▶ RECORDED DATA:
☆ ☆ ☆ ☆ ☆ ☆ ☆
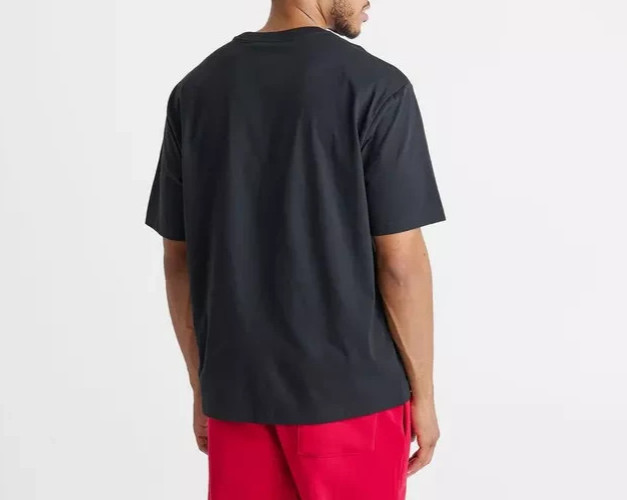 NIKE AIR JORDAN JUMPMAN 23 MEN'S BLACK S/S T-SHIRT SZ: 3XL 3X XXXL II2337-010 gallery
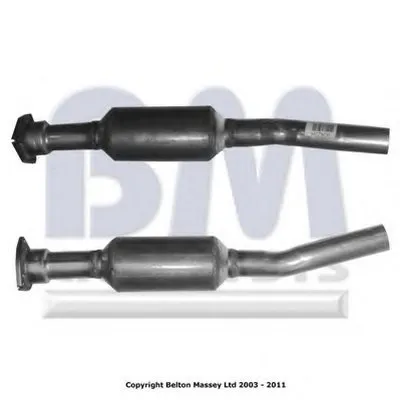 Катализатор для переоборудования Approved BM CATALYSTS купить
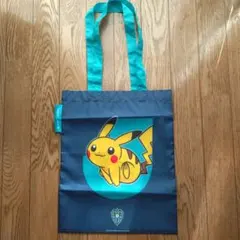 ポケモン アビスパ福岡 トートバッグ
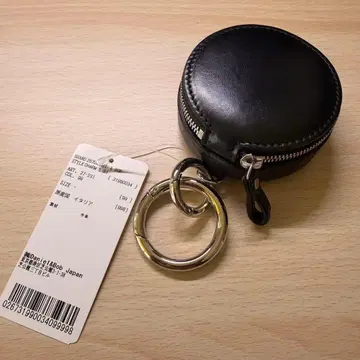 [ 새상품 ] Daniel&Bob 가죽 코인/이어폰 케이스
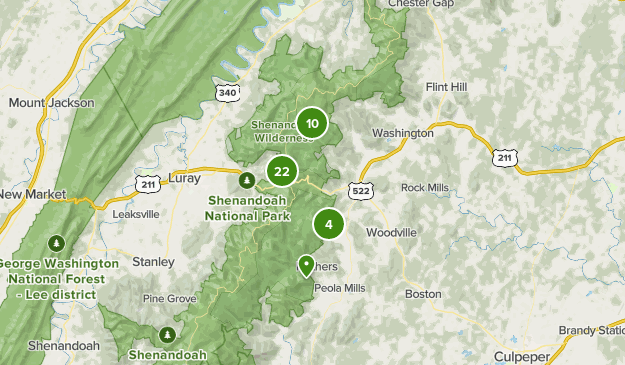 Best Views Trails near Sperryville, Virginia | AllTrails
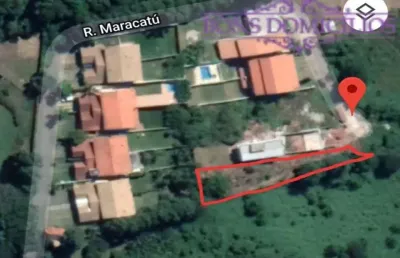 Terreno à venda em cotia-sp, chácara canta galo: 620m² de oportunidade única!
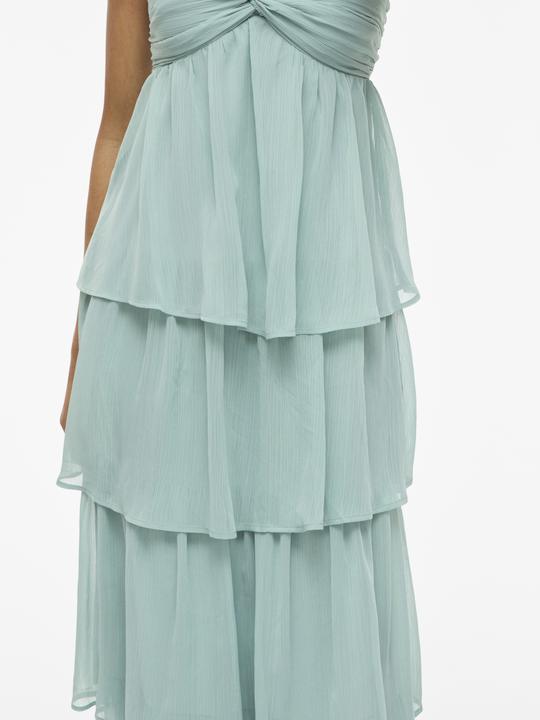 Image du produit Vila VILEA Neckholder Maxikleid (40)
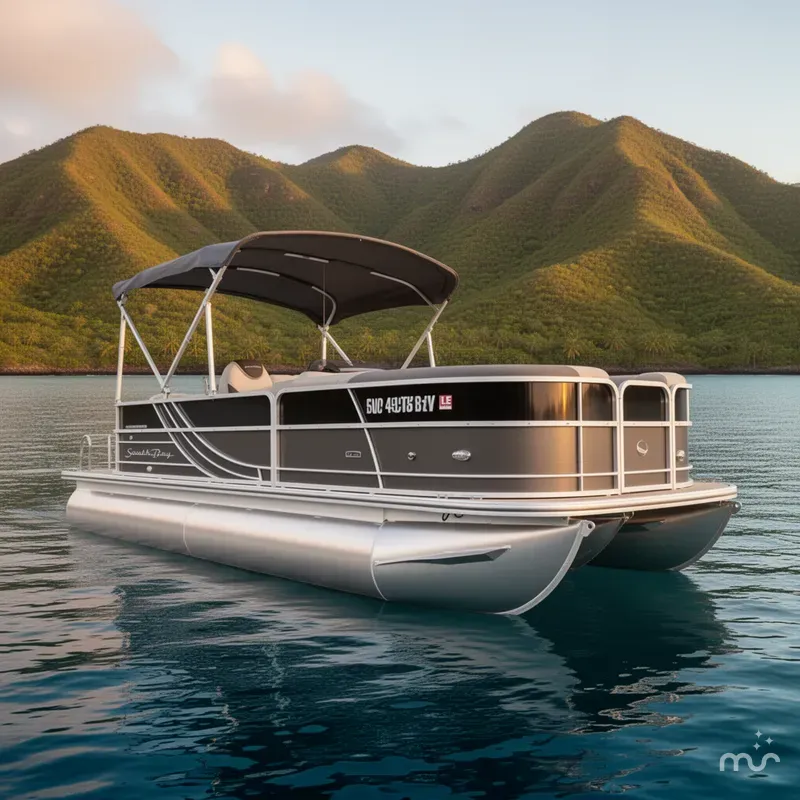 Slide: The Image of South Bay 222RS LE 2022 - 2
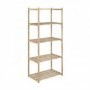 Comprar Estanteria Natura 1710X650X400Mm 5 Baldas  101011 al Mejor Precio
☆ ☆ ☆ ☆ ☆ ☆ ☆
▶ INSTRUCTIONS FOR THE TASK:
Copy back exactly the lines above from the one containing "Катализатор для переоборудования" through the one containing "Terreno à venda", and leave every picture behind.

▶ TASK RESPONSE:
 Катализатор для переоборудования Approved BM CATALYSTS купить
 ポケモン アビスパ福岡 トートバッグ
 [ 새상품 ] Daniel&Bob 가죽 코인/이어폰 케이스
 Best Views Trails near Sperryville, Virginia | AllTrails
 Terreno à venda em cotia-sp, chácara canta galo: 620m² de oportunidade única!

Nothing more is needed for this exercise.